City design · 1:00pm Jul 8th, 2016
So I'm still thinking about the Yako Mamma idea and the snag I'm hitting on is that snakes like this are only known in the equator rain forests, keeping one would obviously require a very advanced civilization, and there never have been any great civilizations in the Amazon or the Congo.
It seems ironic since the equator naturally gets more rain than anywhere else, and rain means food production which is the foundation of civilization; but food production also requires wide open spaces for mass agriculture and/or livestock. The other thing is that the Amazon and Congo water levels vary dramatically with the seasons, so any major city there would need to deal with it's river being 20 feet higher in the wet season than the dry season.
To have a major city there you would either need to have one epic drainage system, or have everything on stilts, have a city of houseboats, or else a city where large parts of it disapeared for half the year.
There have been some reports of snakes almost this big in India, but I think those were older, and it's highly unlikely snakes this big could live in India now and be undetected; but Ancient India/ south-east Asia did have advanced civilizations in climates that could almost sustain Yako Mamma type reptiles.

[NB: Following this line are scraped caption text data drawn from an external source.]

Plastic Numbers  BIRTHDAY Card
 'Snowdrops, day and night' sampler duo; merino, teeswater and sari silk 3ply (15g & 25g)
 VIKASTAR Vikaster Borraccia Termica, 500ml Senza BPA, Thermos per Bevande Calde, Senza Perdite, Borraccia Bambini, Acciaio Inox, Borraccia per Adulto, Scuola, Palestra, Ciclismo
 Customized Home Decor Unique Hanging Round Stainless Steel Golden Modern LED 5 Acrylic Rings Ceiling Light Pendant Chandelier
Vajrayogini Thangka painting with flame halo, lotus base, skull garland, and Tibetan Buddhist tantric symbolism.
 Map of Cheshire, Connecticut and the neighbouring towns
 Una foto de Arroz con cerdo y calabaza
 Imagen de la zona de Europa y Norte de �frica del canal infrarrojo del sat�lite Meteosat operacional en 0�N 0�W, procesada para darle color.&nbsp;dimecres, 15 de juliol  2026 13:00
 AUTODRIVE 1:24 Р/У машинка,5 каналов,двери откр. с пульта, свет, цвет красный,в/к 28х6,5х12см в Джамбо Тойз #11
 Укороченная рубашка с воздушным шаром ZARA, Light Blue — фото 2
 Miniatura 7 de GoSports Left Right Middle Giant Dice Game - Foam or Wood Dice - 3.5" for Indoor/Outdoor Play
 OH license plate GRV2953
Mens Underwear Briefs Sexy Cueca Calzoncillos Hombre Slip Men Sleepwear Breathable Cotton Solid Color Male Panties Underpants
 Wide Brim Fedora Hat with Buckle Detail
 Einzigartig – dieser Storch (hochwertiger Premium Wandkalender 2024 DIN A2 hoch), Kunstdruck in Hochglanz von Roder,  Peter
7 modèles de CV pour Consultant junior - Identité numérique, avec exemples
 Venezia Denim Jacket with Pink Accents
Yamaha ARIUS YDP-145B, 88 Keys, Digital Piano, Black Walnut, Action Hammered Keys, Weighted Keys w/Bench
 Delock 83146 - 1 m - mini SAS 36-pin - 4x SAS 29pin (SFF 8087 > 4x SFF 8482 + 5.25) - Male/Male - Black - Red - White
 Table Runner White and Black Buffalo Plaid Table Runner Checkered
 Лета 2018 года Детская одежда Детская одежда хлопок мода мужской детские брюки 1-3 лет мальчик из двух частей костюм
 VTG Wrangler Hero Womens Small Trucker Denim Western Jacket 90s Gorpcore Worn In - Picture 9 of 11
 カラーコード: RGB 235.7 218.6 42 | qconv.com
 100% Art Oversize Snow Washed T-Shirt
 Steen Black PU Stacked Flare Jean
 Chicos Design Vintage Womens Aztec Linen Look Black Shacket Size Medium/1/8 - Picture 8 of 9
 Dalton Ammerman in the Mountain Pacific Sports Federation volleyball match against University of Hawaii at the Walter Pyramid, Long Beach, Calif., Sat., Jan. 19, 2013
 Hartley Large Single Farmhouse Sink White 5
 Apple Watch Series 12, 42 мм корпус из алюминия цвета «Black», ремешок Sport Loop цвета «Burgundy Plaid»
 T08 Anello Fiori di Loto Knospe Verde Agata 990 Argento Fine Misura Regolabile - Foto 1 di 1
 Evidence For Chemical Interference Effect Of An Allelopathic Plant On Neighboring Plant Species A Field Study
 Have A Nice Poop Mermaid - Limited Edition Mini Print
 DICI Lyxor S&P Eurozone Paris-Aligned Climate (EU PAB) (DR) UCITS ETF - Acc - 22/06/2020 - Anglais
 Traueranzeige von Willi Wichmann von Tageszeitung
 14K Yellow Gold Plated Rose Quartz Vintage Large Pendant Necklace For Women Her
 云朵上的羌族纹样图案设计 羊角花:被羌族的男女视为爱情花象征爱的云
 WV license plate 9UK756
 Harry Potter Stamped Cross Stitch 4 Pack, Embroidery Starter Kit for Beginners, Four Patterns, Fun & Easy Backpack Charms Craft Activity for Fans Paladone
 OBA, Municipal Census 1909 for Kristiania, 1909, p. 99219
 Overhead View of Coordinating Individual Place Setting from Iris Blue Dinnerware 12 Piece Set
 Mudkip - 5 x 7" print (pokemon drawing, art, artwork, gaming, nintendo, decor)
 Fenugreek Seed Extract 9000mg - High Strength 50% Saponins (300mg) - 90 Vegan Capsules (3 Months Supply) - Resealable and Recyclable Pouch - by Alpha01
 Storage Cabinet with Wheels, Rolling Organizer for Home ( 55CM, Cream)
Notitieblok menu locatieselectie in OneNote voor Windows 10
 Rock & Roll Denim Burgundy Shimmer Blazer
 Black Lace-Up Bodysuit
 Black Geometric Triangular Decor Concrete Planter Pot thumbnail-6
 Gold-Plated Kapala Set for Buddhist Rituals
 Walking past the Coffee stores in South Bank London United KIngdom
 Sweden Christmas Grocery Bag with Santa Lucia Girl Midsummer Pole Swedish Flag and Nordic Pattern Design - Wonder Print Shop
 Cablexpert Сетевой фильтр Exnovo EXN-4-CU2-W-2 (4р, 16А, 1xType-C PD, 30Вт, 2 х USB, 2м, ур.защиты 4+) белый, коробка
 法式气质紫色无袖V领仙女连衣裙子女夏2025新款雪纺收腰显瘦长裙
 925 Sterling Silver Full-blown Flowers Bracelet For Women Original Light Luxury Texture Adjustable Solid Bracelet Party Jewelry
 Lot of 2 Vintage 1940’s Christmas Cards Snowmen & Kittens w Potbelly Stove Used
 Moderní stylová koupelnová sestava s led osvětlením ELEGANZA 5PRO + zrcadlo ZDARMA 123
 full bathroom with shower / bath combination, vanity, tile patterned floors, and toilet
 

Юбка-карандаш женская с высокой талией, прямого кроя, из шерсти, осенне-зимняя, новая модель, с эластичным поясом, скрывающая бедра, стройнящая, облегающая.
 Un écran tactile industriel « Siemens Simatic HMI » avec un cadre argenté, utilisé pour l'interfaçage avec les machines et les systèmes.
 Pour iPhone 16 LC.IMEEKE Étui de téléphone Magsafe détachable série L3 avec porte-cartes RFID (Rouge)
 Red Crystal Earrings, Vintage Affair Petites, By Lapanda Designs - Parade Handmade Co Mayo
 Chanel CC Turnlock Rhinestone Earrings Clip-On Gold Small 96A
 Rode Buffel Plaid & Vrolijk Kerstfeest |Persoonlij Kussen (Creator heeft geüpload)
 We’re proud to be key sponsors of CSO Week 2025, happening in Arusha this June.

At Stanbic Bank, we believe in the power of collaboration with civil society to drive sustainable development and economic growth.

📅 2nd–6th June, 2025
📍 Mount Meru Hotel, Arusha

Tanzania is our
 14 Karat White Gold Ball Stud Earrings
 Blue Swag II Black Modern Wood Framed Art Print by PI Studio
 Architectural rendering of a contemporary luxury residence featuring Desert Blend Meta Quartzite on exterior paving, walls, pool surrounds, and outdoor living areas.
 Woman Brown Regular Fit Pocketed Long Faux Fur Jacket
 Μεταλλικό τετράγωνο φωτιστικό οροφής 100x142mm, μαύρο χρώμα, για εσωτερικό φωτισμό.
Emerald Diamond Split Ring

There was the Khmer Empire in modern Cambodia was one such highly advanced civilization on the floodplains that made massive irrigation systems, but they ultimately were destroyed because they had about 30 years of having less rain than usual, during which they restructured their canals to handle less water, and then started having massive monsoons that flooded their capital every year, forcing them to abandon it and ultimately ending their civilization.
I'll probably look more into Khmer and Indian history to get some ideas, but does anyone want to talk about city design in rain-forests/ floodplains?